Greece, a country whose own finance minister has described it as “bankrupt” is due to pay the IMF €1.6 billion over the course of June. The first instalment of four – totalling €300 million is due this Friday.

There were fears that the country would not be able to pay its public sector wages in May demonstrating the very fragile state of its finances. It would appear that the European leadership and that of the IMF and ECB also fear the state of Greece’s finances and its ability to make its payments to the IMF this month.

A recent poll suggests that 58% of Syriza supporters would rather return to the Drachma than to remain in the single currency while severe austerity measures are imposed. Syriza have a 26 point lead over the next most popular party, New Democracy.

From this point of view it is, therefore, not entirely politically untenable for Syriza to choose the default and exit option should the “institutions” fail to respect Prime Minister Tsipras’s “red line” on VAT hikes, pension cuts and labour market reforms.

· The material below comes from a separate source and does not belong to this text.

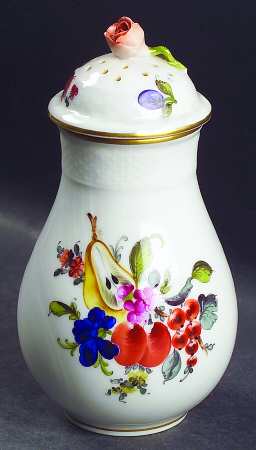 Fruits & Flowers (BFR) Sugar Shaker & Lid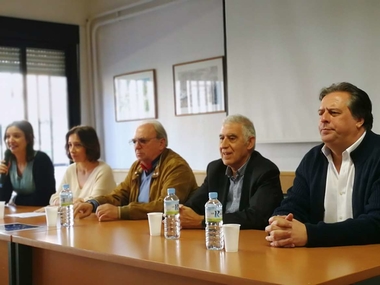 Interior y la Junta llevan el testimonio directo de las víctimas del terrorismo a 36 centros de educación secundaria de Extremadura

Greek 10-year bond yields have been creeping higher – currently at 11.49% – indicating that the markets view the risk of a default as being quite high.

The “institutions”, however, are likely to want to keep Greece in the fold at any cost. In a softening of tone Junker told German newspaper Süddeutsche Zeitung yesterday:

“Anyone who doesn’t see there is a humanitarian crisis in Greece is deaf and blind to what is happening there.”

The unforeseeable risks posed by a default and “Grexit” to the Euro project are too great for the powers that be to wilfully allow it to happen. It could trigger credit default swaps and a derivatives crisis in the banking system.

It might also lead to a geopolitical crisis should erstwhile NATO member Greece turn to Russia for financial assistance in the form of funding, trade, economic and other cooperation agreements.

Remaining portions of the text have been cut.